Artist Pension Trust
- Industry: Financial services
- Number of locations: New York, Los Angeles, London, Leipzig, Mumbai, Hong Kong, Shanghai, Mexico City and Amman
- Area served: Worldwide
- Key people: Moti Shniberg Dan Galai David A. Ross (left) Pamela Auchincloss (left)
- Products: Investment products
- Total assets: Over US$100 million (2013 estimate of art collection)
- Parent: MutualArt
- Website: www.aptglobal.org

= MutualArt Group =

Pension plan for artists

The Artist Pension Trust (APT), which merged into the MutualArt Group in 2016, is an investment vehicle specializing in contemporary art, which aims to provide financial security and international exposure to selected artists chosen by its international curatorial team. It has the largest global collection of contemporary art, comprising 10,000 artworks from 2,000 artists in 75 countries, and growing by more than 2,000 each year. As of November 2013, a total of 40,000 artworks had been committed to APT by 2,000 artists. APT claimed its then value to be more than $US100 million.

MutualArt.com, the art information website, has not ties to the Artist Pension Trust.

Artworks from the APT collection have been used to curate exhibitions for museums including the MoMA, Tate Modern, Hirshhorn Museum, as well as for art venues such as the Venice Biennale, Art Basel, documenta and Manifesta.

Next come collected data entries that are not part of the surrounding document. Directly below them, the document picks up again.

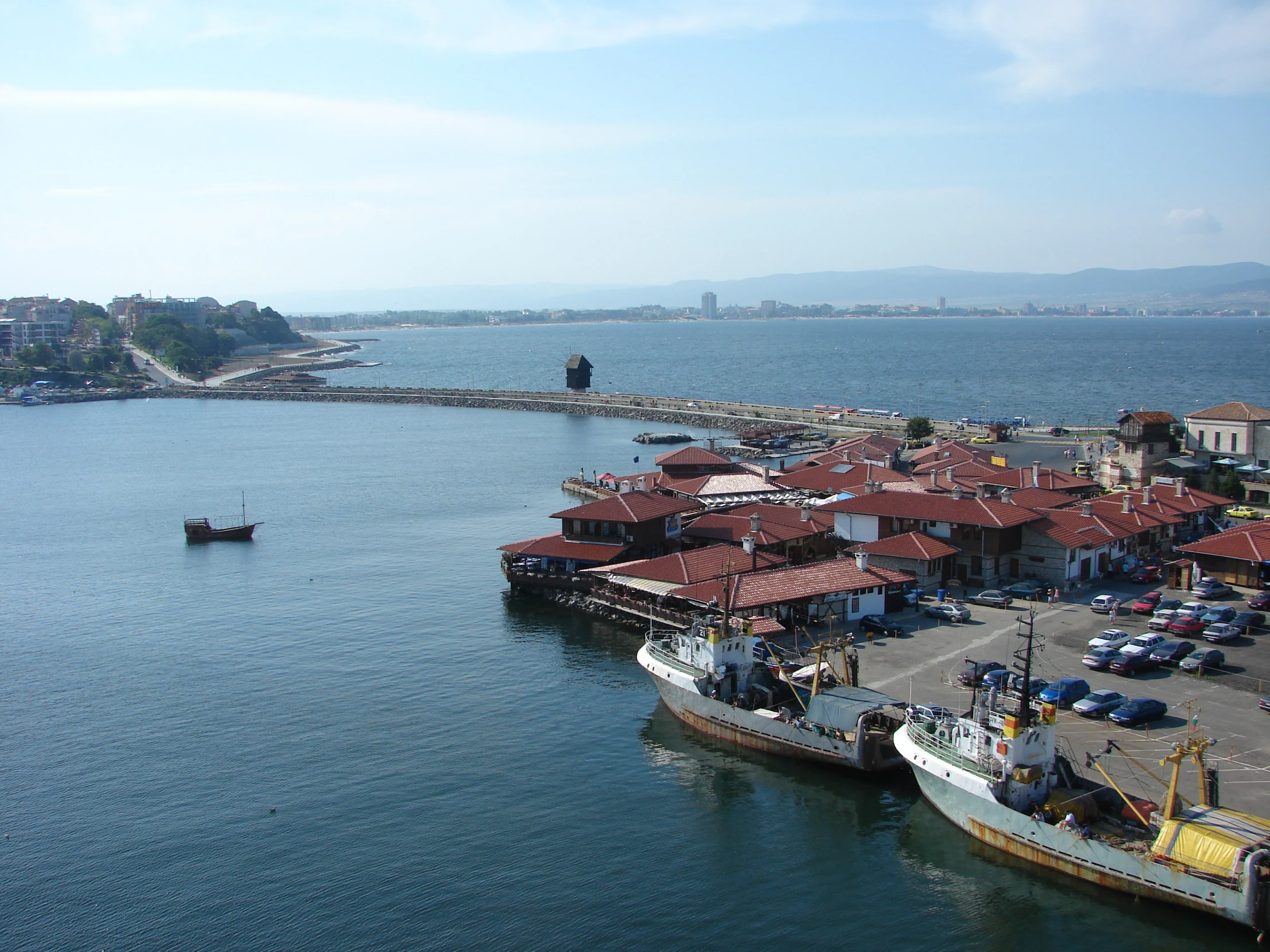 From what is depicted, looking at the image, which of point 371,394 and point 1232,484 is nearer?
point 1232,484

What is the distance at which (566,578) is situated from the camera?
5056 centimetres

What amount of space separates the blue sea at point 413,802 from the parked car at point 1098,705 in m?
6.01

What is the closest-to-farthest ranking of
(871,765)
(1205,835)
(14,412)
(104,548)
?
(1205,835)
(871,765)
(104,548)
(14,412)

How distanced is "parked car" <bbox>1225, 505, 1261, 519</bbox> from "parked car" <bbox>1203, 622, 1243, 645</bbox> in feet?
72.9

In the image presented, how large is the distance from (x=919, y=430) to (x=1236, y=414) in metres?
26.8

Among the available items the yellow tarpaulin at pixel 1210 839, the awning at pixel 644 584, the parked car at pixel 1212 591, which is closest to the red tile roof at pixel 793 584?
the awning at pixel 644 584

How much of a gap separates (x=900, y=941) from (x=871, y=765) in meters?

A 2021 article in The New York Times detailed multiple failures in the organization's goal of providing a diversified income for participating artists.

==History==

In 2004, a company named MutualArt launched the Artist Pension Trust as the first pension program for visual contemporary artists. It was founded by businessman Moti Shniberg, Hebrew University business professor Dan Galai, and David A. Ross, former director of the Whitney Museum and the San Francisco Museum of Modern Art. APT started with eight regional trusts and subsequently launched a global trust, APT Global One, with a total of 628 artists.

After the first year, Artist Pension Trust owned the collection of approximately 65 artworks created by artists in the New York branch, including Jules de Balincourt, William Cordova, Anthony Goicolea, and Aida Ruilova.

==Storage fee changes==
Artist Pension Trust announced that, beginning in September 2017, it would charge $6.50 per month for each work that members stored. The former CEO of the Mutual Art Group, which includes APT, defended the fee, arguing that the cost is much less than artists will have to pay elsewhere. He told Colin Gleadell of Artnet that “it’s not about raising money to balance our books; [it’s about getting] the work out of storage so that it can be seen and eventually sold. Some works have been in storage for ten years and that’s not good.” According to Brenner, the appeal of APT for some artists was the free storage facilities. In order to become a member, one originally had to agree to contribute to the storage expenses for oversize works when signing the contract, but the policy has never been enforced. In October 2017 seven former APT directors of the New York, London, Berlin, and Dubai Trusts and 21 APT officials— put their names on an open letter expressing solidarity with the aggrieved artists. The letter expresses “deep disappointment in the direction APT is moving,” saying that the policy changes deviate from the original vision of the Trust as they understood it.

==Artwork distribution==

The artworks in the trust are gradually sold over the course of 20 years for the benefit of the artists. The funds from the net proceeds of each artwork sold are distributed in the following manner: 72% are distributed to the artists in the trust, with 40% to the individual artist and 32% among the artists in that trust based on the number of artworks they have deposited. The remaining 28% is used to cover the operational costs of the trusts.

==APT Institute==

In July 2013, Artist Pension Trust announced establishment of APT Institute, a nonprofit organization whose task is to facilitate exhibitions and loans for curators, museums, and art organizations, as well as to promote contemporary art and artists worldwide. Recent loans arranged through the APT Institute include Jean Shin’s installation of neckties and a chain link fence named "Untied", which featured in the solo show "Jean Shin: Common Threads", at the Smithsonian American Art Museum, and Sherif El Azma’s "Powerchord Skateboard", a two-screen DVD installation that was part of the Tate Modern’s recent show "Project Space: Objects in Mirror Are Closer Than They Appear".